先日、ミズナが全く発芽しない“事件”をアップしましたが、播き直した畝では、ちゃんと発芽しました(写真右)。メインはダイコンで、その合間にミズナの種を播いている感じです。というのも、ダイコンを収穫した後、畝には何も残らなくなってしまうので、共生微生物の食べ物が供給されません。そこで、ミズナを残しておこうという狙いです。(ミズナは収穫しても良いですし、残しておけば、微生物の繁殖に役立ちます)

Photoダイコンは、すべて順調に発芽しています。あとは、しっかり成長してくれるのを見守るだけです。一部は来春の収穫用にとキャベツの畝もあります(写真下段)。この畝も、キャベツとミズナの種を播いてありますが、写真ではちょっと区別がつきにくいかもしれません。手前のやや大きな双葉がキャベツ。周囲の小さな双葉がミズナです。キャベツは初めてなので、これからどのように育っていくのか楽しみにしています。

さて、秋冬野菜の作付は終了しました。そしてこれから来春にかけて、Halu農法について詳細を執筆しようと考えています。
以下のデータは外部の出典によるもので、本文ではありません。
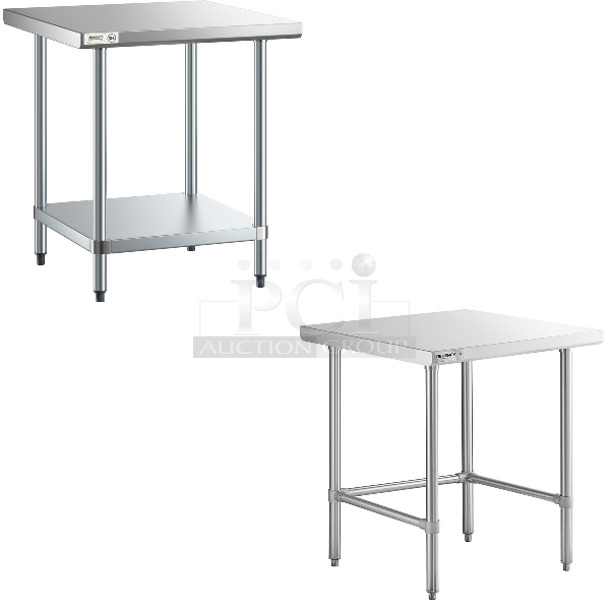 2 BRAND NEW SCRATCH AND DENT! Items; Regency 600T3030G 30" x 30" 18-Gauge 304 Stainless Steel Commercial Work Table with Galvanized Legs and Undershelf and Regency 600WS30X30S Spec Line 30" x 30" 14-Gauge 304 Stainless Steel Commercial Open Base Work Table. 2 Times Your Bid! May Be Missing Pieces.  - Image 1 of 4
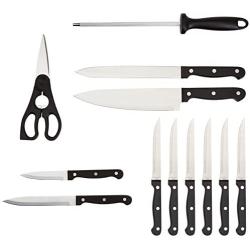 Amazon Basics 14-Piece Kitchen Knife Set with High-Carbon Stainless-Steel Blades and Pine Wood Block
これまで、「野菜づくりに肥料が不可欠」と考えられていた分野ですが、肥料がなくても野菜が育つなら、それに越したことはないと思っています。

また、Halu農法は、農業者として生活が成り立つ技術であることを基本としていますが、もちろん家庭菜園でもぜひ取り組んでもらいたいのです。家庭菜園の規模であれば、ひと汗かくだけで、理想的な畑をつくることができます。野菜ができる仕組み、そして、畑の作り方まで、丁寧に文章化して、一人でも多くの方に、Halu農法の面白さを味わっていただきたいと思います。

以前、無肥料栽培の取り組みをまとめた「自然農法ノート」というレポートがあり、何人かの方に読んでいただきました。しかし、内容がやや理屈っぽく、自分でも「学校の教科書みたいで読みにくいな」と感じていました。今度は、面白い読み物になるようアイデアを練っているところです。

« 2015年9月 | トップページ | 2015年11月 »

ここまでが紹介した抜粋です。